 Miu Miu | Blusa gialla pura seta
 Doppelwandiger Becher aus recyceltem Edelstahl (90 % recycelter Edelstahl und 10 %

---

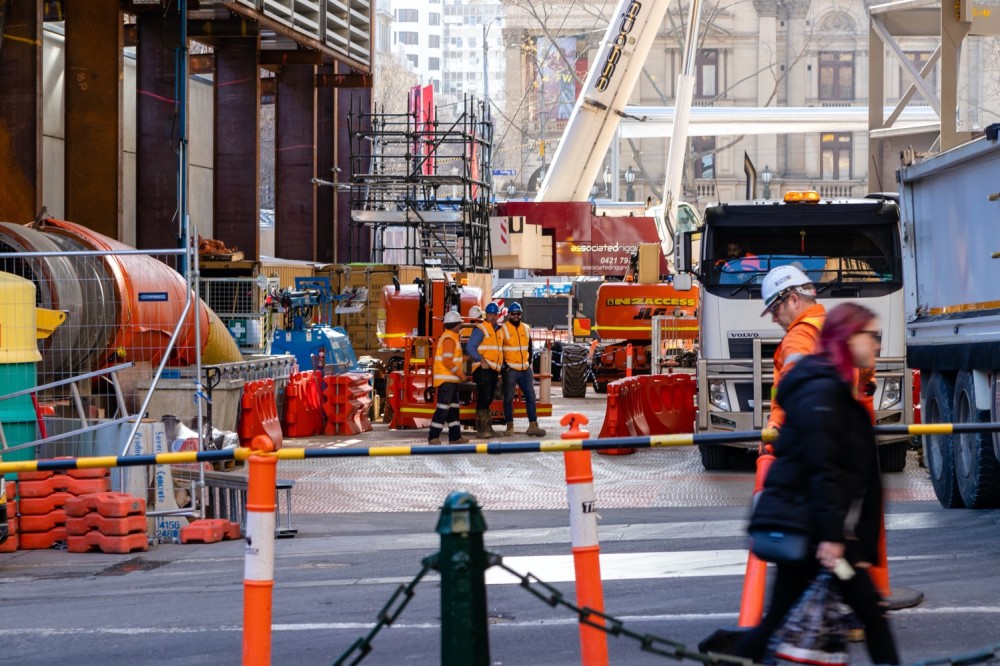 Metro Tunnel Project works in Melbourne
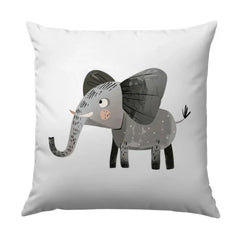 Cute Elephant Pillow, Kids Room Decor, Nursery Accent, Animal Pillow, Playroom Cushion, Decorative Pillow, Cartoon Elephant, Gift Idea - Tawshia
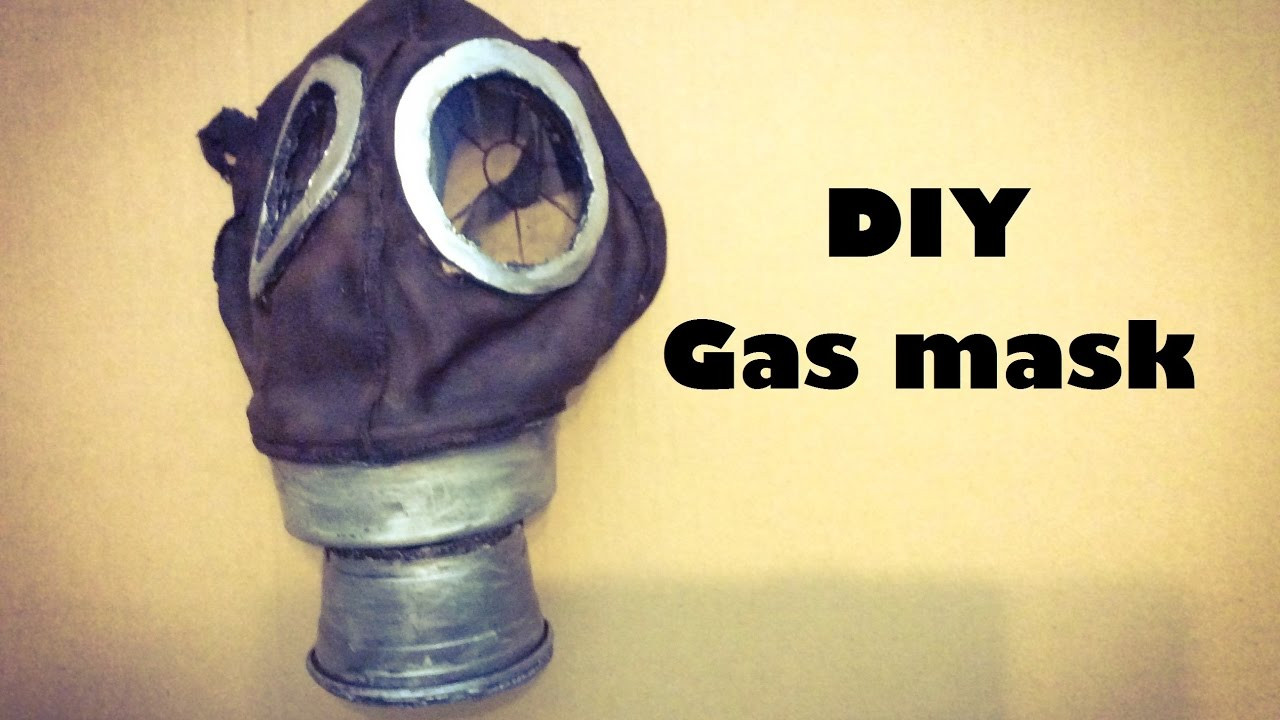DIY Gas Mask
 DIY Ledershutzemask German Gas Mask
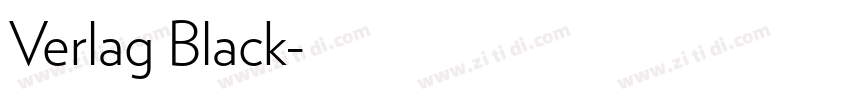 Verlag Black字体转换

...

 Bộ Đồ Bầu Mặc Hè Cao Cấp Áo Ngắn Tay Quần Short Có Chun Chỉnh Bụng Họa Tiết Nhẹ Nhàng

WHAT THE TASK ASKS: Look back at the entries above and repeat, unchanged, every line from the line holding "Miu Miu | Blusa gialla pura seta" through the line holding "Doppelwandiger Becher aus".

ANSWER SECTION:
 Miu Miu | Blusa gialla pura seta
 Doppelwandiger Becher aus recyceltem Edelstahl (90 % recycelter Edelstahl und 10 %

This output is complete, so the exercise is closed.